Added: Friday, March 2nd 2018

Crilley English inn
Mark Crilley

Mark Crilley, the celebrated American “manga” artist and author of scores of young adult comic books and novels, is a great fan of British beer and pubs and regrets it’s increasingly difficult to find British Bitter in the United States.

“In the 1990s there was a lot of British beer on tap in American bars,” he says. “But the craft beer movement has pushed it aside. I enjoy the malty flavour and low carbonation of British beer. With modern craft IPAs there’s an explosion of flavour but it can be overpowering.”

He says Fuller’s London Pride and ESB along with Greene King Old Speckled Hen can be found in the U.S. and Sam Smith’s bottled beers are widely available but there’s little else from the UK today.

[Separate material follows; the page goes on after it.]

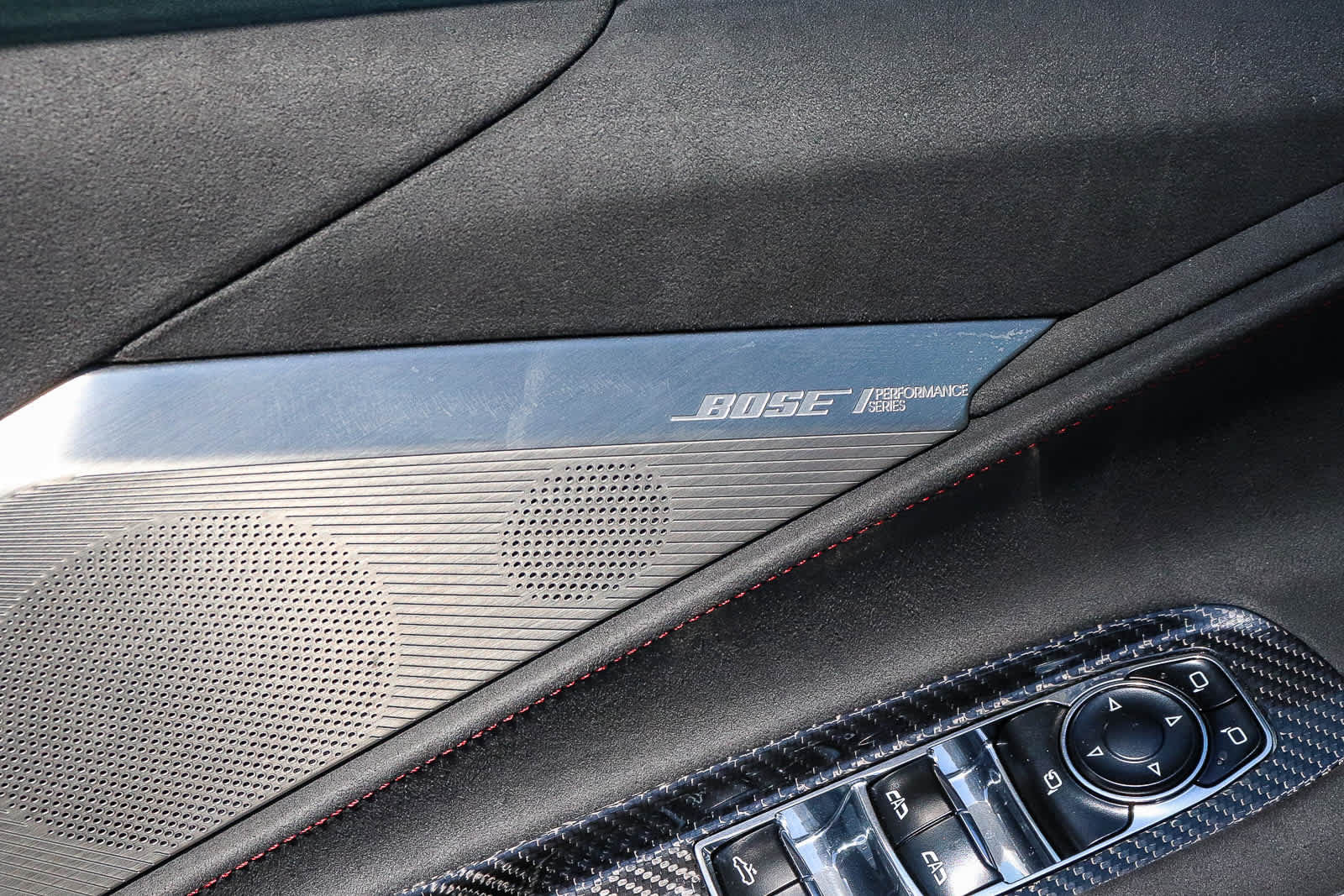 Used 2023 Chevrolet Corvette Stingray Premium Conv w/ Z51 Performance Package RWD image 36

Mark, aged 56, was brought up in Detroit. He began drawing and sketching from an early age and when he left college he lived in Fukushima, Japan, for several years where he taught English.

As well as meeting his wife Miki he discovered the Manga style of art. It originated in Japan in the 19th century and was used to illustrate comic books and adventure stories. The drawings are usually in black and white though colour versions exist. The illustration above shows a character outside an English inn.

Mark found that book shops had shelves packed with Manga books and comics. Inspired by the style, he returned home and produced his first comic book Akiko and went on to develop a series of books, one called Miki Falls, named after his wife, and Brody’s Ghost.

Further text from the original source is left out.